| 要旨トップ | 目次 | | 日本生態学会第71回全国大会 (2024年3月、横浜) 講演要旨 ESJ71 Abstract |
一般講演(口頭発表) H02-09 (Oral presentation)
毎年、多くの鳥類が、地理的に離れた繁殖地と越冬地を往復する渡りを行う。近年、各地で渡り鳥が減少しており、減少に寄与する要因の解明が急がれている。街灯等の夜間の地上照明は、渡り鳥の減少に寄与するとして近年特に注目されている要因であるが、夜間渡り中の鳥類への地上照明の影響の程度が、環境要因や各種の行動特性・形態とどのように関連しているのかついてはわかっていない。

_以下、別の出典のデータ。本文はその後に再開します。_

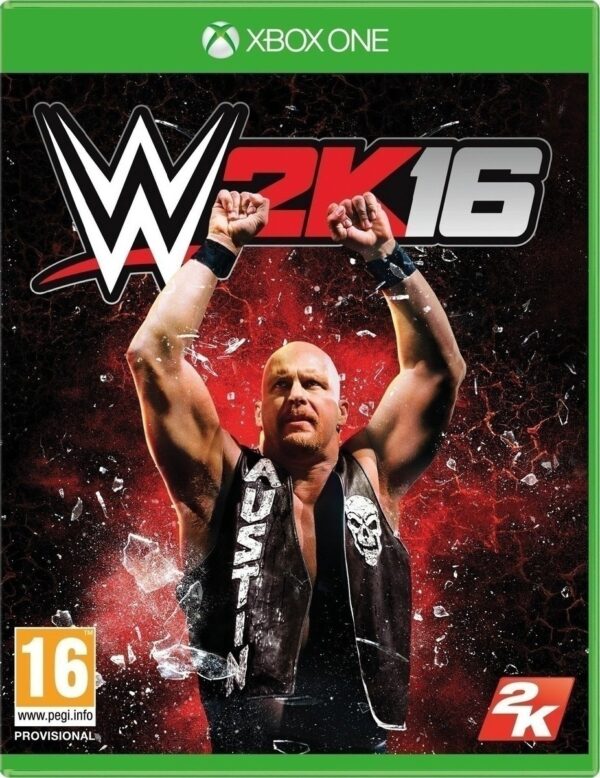 WWE 2K16 XBOX ONE USED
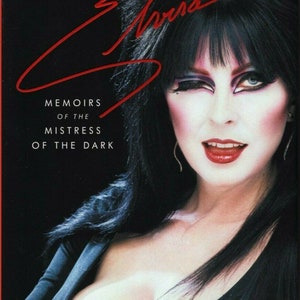 Cassandra Peterson Signed Autographed 1st Edition Elvira Book - Etsy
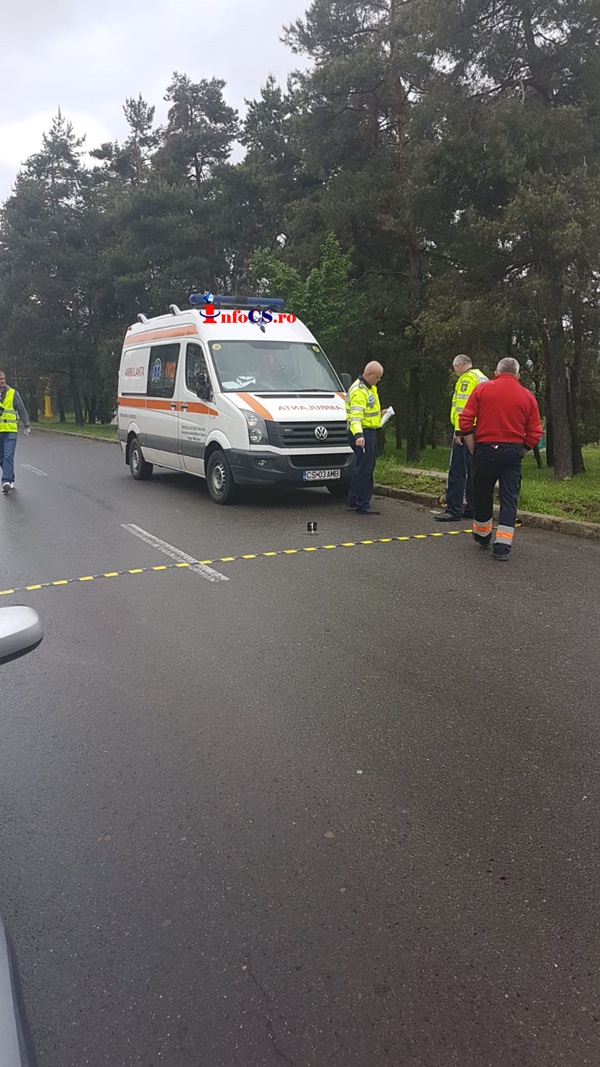 Accident mortal pe Calea Timisoarei in zona Transprotector VIDEO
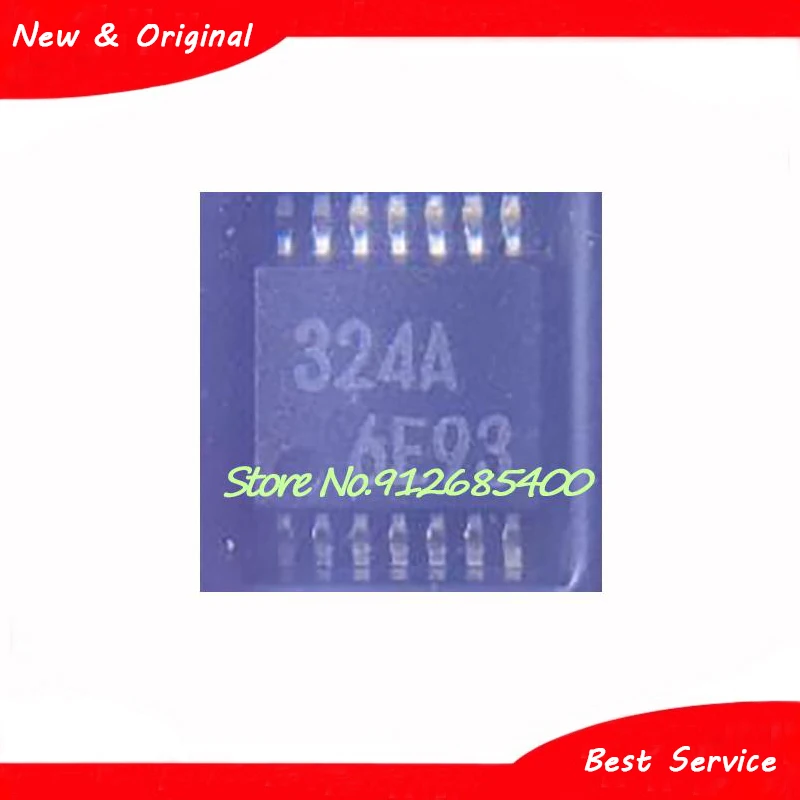 جديد وأصلي في المخزون ، BA10324AFV-E2 ، BA10324AFV ، BA10324A ، 324A ، TSSOP14 ، 10 قطعة لكل مجموعة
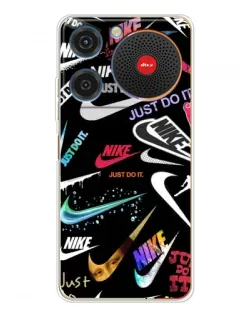 Чохол для ZTE Nubia Music з картинкою «Nike —  розкіш»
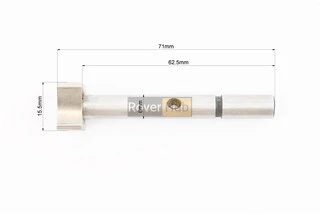 Насос масляний к-кт 2шт 186F/190F/192F L-72mm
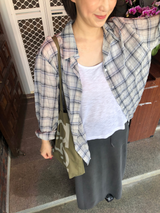 Comfort maxi skirt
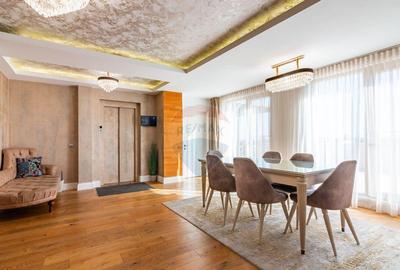 Penthouse 5 camere, acces privat lift | Sisesti, Rompetrol - 1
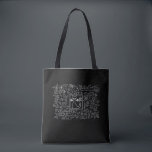 Schrodingers Cat Box Funny Science Nerd Physics Tote Bag<br><div class="desc">Everyone knows the famous thought experiment from Erwin Schroedinger,  one of the most popular paradoxes. Dou you think this is paradox. Alive or dead? This cute kitten humor graphic design makes a great halloween,  birthday or christmas 2019 gift idea.</div>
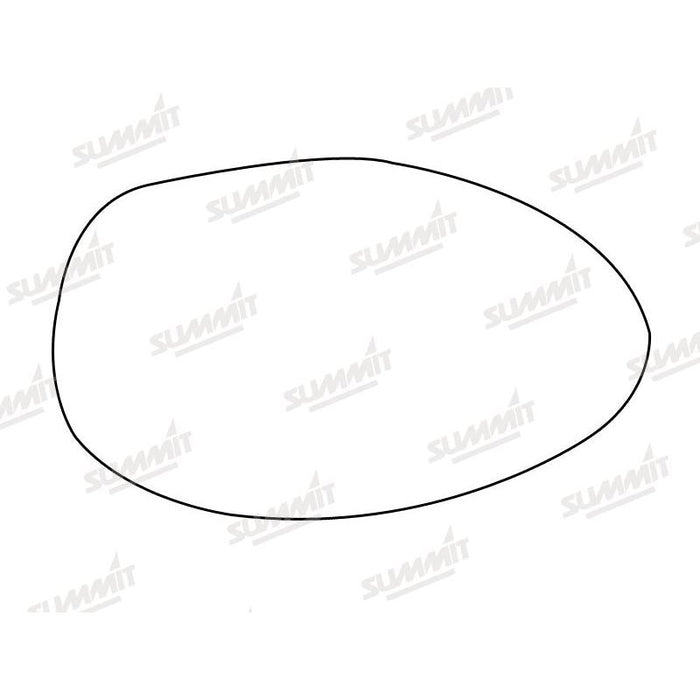 Summit Heated Base Plate With Standard Mirror Glass fits Alfa 147 GT LHS - Summit Shop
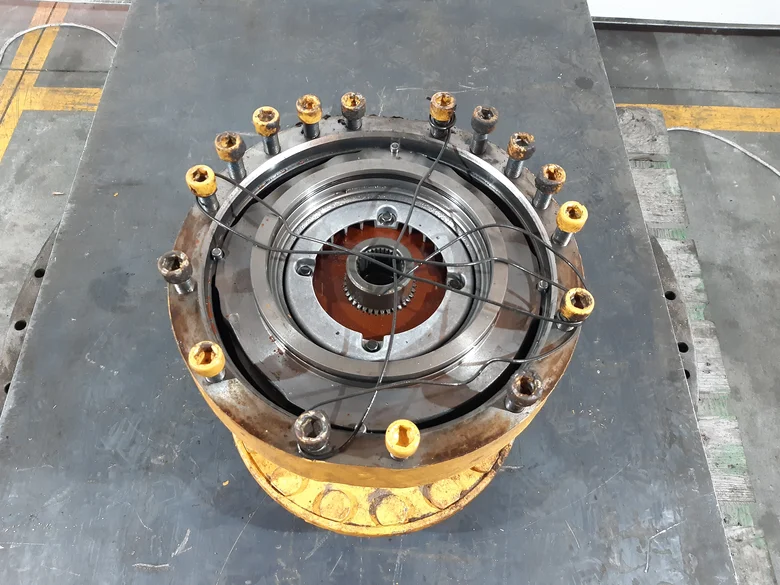 Wheel gear for VOLVO L90E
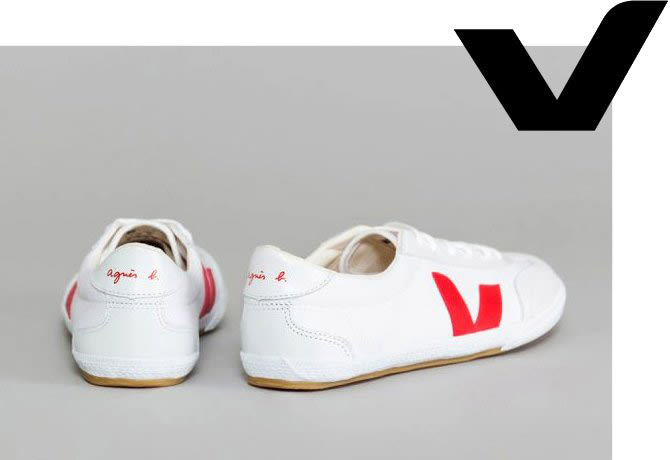 Collaboration with Veja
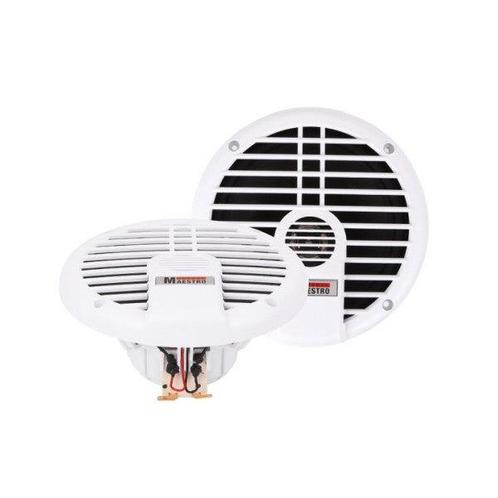 Bieden: German Maestro MRC 6508 speaker 2-way, Watersport en Boten, Navigatiemiddelen en Scheepselektronica, Kabel of Apparatuur
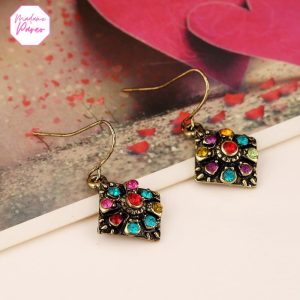Boucles d’Oreilles Vintage Lumineuses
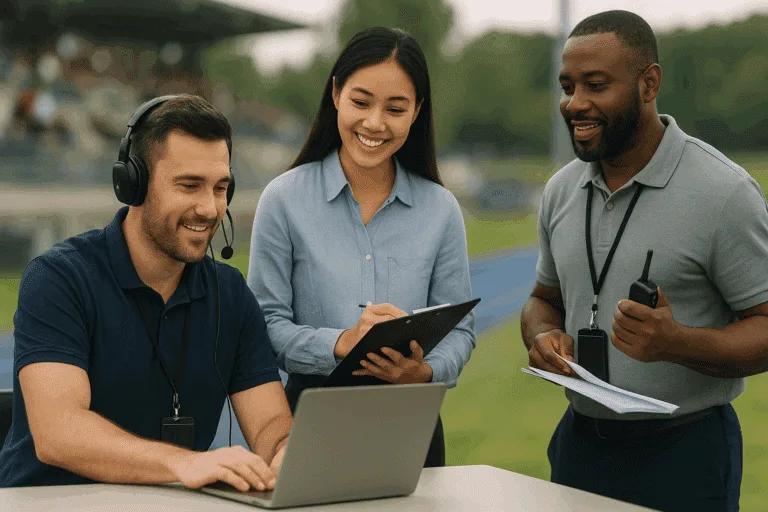 Remote VAs Help Run Seamless Sports Events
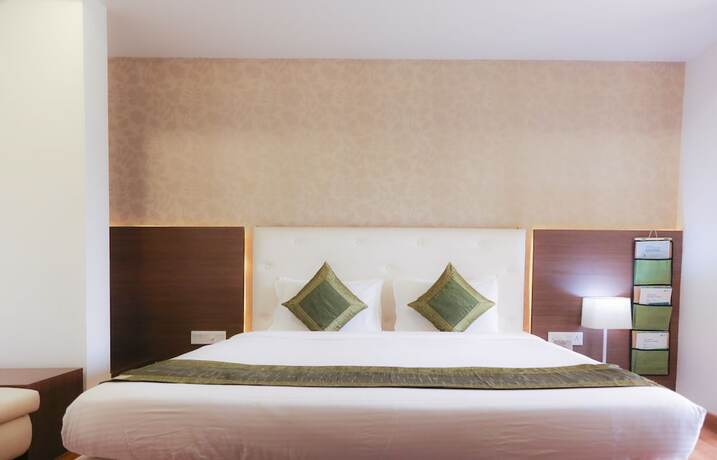 Imagen general del Hotel Treebo Trend Sun Palace Bhopal. Foto 9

本研究では、2021~2023年8~11月の夜間に、北海道と青森県の地上照明がある3地点(処理区)と地上照明がない/消灯している3地点(対照区)において、渡り鳥の行動を観察し、地上照明に対する改変行動の指標(旋回、迂回・減速、墜落)の有無を記録した。その結果、これらの改変行動の頻度は対照区よりも処理区で高いことが示された。また、処理区における渡り鳥の改変行動の有無と環境要因の関係を調べたところ、渡り鳥がいずれかの改変行動を示す確率は、日没からの時間が経過するほど、および新月に近い日ほど高く、曇天の日にも高くなる傾向があった。さらに、観察個体数の多かった24種について、地上照明に対する改変行動の程度と各種の飛翔モード(直線飛行・波状飛行)、体重、翼先指標の関係を調べたところ、体重、翼先指標の影響は小さかったが、直線飛行よりも波状飛行をする鳥類の方が地上照明の影響を受けやすいことがわかった。これは頭部が地面方向に頻繁に向く波状飛行の方が、夜間飛行中の視界に地上照明が入りやすく、視覚定位が乱されやすいためだと考えられた。これらの結果から、渡り鳥の夜間飛行への地上照明の影響の程度は、複数の環境要因および渡り鳥の行動特性とも関連することが明らかになった。本研究で得られた知見は、渡り鳥への影響が大きい日や条件時に一時的に消灯するといった従来よりも柔軟な保全策の実施に役立つかもしれない。